(Beginning of Provided information)

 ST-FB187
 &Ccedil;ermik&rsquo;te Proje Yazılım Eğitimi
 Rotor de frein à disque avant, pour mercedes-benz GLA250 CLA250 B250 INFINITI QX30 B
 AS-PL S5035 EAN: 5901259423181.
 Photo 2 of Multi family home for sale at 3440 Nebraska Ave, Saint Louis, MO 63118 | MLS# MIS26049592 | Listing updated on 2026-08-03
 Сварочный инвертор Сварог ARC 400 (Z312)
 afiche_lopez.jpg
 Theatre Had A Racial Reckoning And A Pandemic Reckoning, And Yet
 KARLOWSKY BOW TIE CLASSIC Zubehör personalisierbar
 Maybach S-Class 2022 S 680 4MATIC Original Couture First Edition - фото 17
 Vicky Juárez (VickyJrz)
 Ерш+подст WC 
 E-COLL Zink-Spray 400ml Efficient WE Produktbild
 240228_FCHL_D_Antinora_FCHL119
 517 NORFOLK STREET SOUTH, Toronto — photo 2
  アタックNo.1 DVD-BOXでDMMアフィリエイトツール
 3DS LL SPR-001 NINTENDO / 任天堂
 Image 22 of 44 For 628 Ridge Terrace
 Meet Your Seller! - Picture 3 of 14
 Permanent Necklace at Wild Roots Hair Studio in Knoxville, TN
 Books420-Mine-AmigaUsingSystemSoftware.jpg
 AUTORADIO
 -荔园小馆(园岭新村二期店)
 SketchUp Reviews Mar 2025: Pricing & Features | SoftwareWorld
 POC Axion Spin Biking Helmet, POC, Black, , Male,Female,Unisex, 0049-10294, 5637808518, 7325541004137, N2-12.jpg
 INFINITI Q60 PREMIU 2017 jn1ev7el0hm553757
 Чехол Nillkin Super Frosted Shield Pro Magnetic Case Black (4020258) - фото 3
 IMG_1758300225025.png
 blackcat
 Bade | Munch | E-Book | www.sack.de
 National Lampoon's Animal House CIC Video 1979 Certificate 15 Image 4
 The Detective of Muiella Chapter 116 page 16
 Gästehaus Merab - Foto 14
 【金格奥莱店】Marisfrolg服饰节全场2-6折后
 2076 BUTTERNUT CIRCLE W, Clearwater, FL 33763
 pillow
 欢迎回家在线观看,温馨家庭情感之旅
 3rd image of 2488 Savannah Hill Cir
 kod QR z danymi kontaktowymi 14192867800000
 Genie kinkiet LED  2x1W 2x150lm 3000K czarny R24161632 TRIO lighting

(End of Provided information)

▸ What is required
Please show each line in the records above that contains "фото".

▸ Written reply
 Maybach S-Class 2022 S 680 4MATIC Original Couture First Edition - фото 17
 Чехол Nillkin Super Frosted Shield Pro Magnetic Case Black (4020258) - фото 3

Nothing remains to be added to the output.